– Она бездонна, Алиса. Думаю, именно так и выглядит Ад.
– Что за разговоры к ночи! – воскликнула княжна по-французски.
Она вновь стала центром нашей компании, удивительно удачно выбрав темой разговора модернизацию. И, высказываясь о единственном тракторе на всю губернию, аккуратно вовлекла в беседу племянника.
– А я ведь вспомнил вас, Мария, – наклонился ко мне Толстой.
Я посмотрела на него.
Граф не вызывал опасений, не давил властностью как Дмитрий, не был породист как Одоевский. Стройный, круглолицый, даже немного женственный, он вызывал ассоциации со щенком спаниеля. Только щенок этот при желании мог откусить тебе руку.
Пятый. Незаметный, неизменно улыбающийся. Чеширский кот.
– Поделитесь? – произнесла я.
Я не помнила его среди гостей отца. Не помнила, чтобы мы виделись у кого-то другого, в той, прежней жизни. Совершенно точно не встречала я его и в Департаменте. Пожалуй, его ответ был интересен мне.
– Я видел вас на фотокарточках.
– Фотокарточках? – я нахмурилась.
– Да.
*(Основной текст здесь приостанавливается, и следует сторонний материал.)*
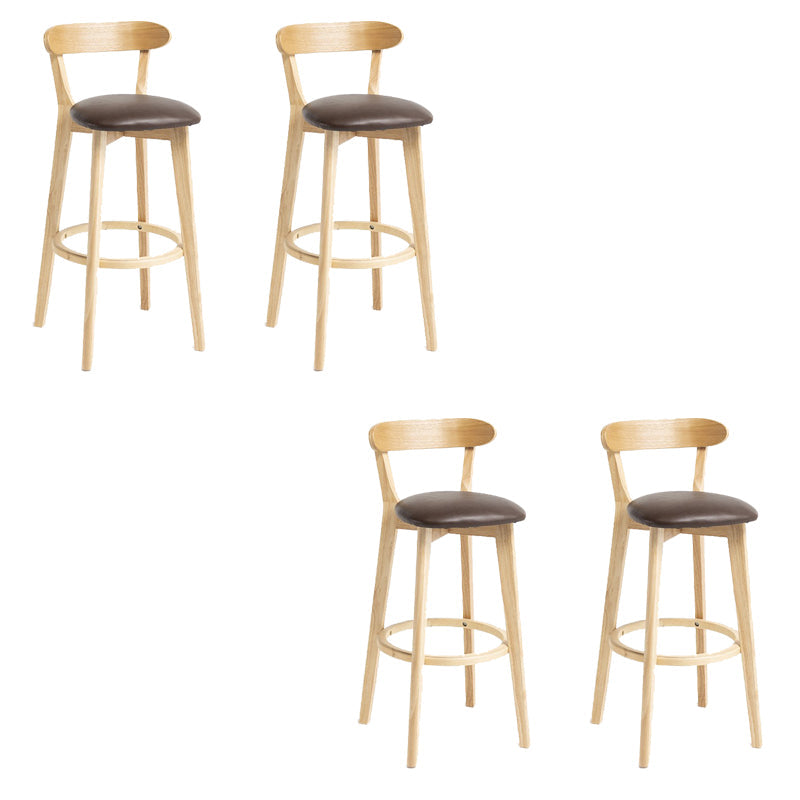 Tabouret de bar en bois de tabouret de comptoir de dossier sans bras industriel avec pédale pour café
Фотокарточках. Я дружен с Николаем Денских. Ваша фотография до сих пор стоит в гостевой комнате. Еще с тех самых времен, когда спальню эту занимала его сестра.
– Вы наблюдательны, граф, – заметила я.
– Нет, – небрежно отмахнулся он. – Это целая драма. Городской особняк Денских два года назад перешел к Николя. Он рассорился с сестрой, и отказался пускать её в дом. Личные вещи он отправил Анастасии с посыльным. Фотография оказалась забыта на той самой тумбочке.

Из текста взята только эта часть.